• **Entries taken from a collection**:
------------------------------------------------------------------------

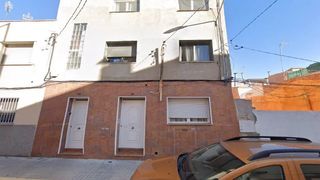Pis a Carrer de les Agudes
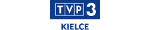Logo TVP3 Kielce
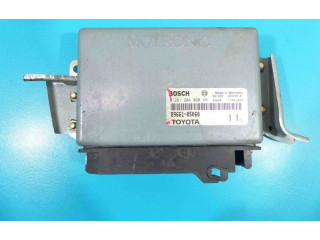 Řídící jednotka 0261204090, IMPRK1222112 Toyota Carina T170 1997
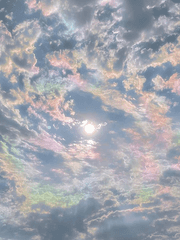 엔시티 단편 모음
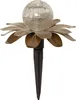 LED Solardekoblume 'Lilly' 3er Pack Produktbild-Vorschau 11
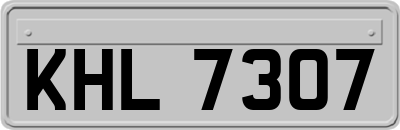 KHL7307
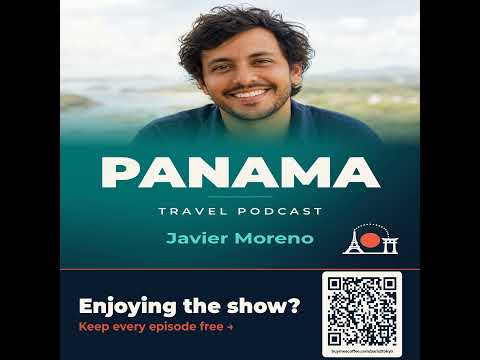 Santiago Veraguas Market Rhythms and Fonda Culture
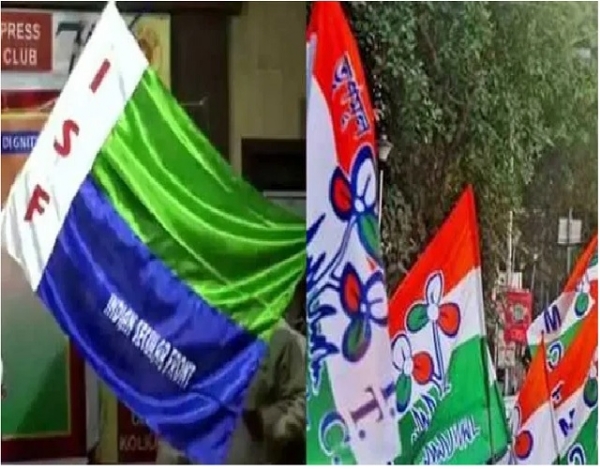 ISF-TMC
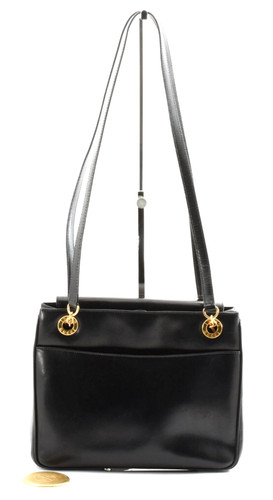 Borsa tracolla gucci rank - borsa, a
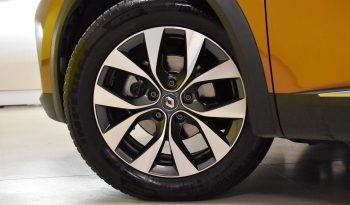 Renault Captur Captur II 2019 1.0 tce Zen Gpl 100cv pieno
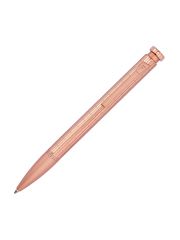 עט FESTINA דגם FSQ4584E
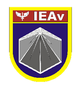 IEAV.PNG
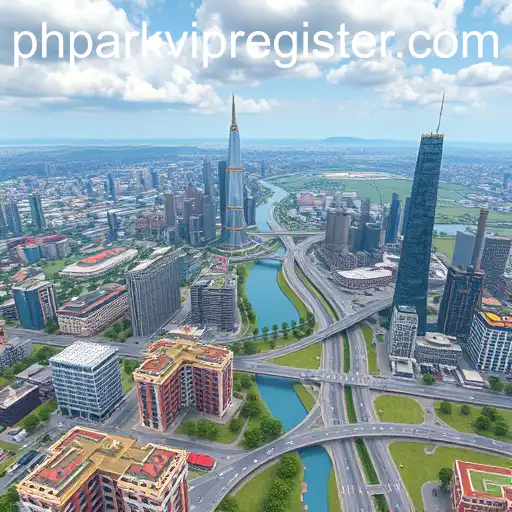 Exploring the Allure of Simulation Games: A Dive into the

------------------------------------------------------------------------

• **TASK DETAILS**: With the pictures left aside, write out all of the records above exactly.

• **EXERCISE OUTPUT**:
Pis a Carrer de les Agudes
Logo TVP3 Kielce
 Řídící jednotka 0261204090, IMPRK1222112 Toyota Carina T170 1997
 엔시티 단편 모음
 LED Solardekoblume 'Lilly' 3er Pack Produktbild-Vorschau 11
 KHL7307
 Santiago Veraguas Market Rhythms and Fonda Culture
 ISF-TMC
 Borsa tracolla gucci rank - borsa, a
 Renault Captur Captur II 2019 1.0 tce Zen Gpl 100cv pieno
 עט FESTINA דגם FSQ4584E
 IEAV.PNG
 Exploring the Allure of Simulation Games: A Dive into the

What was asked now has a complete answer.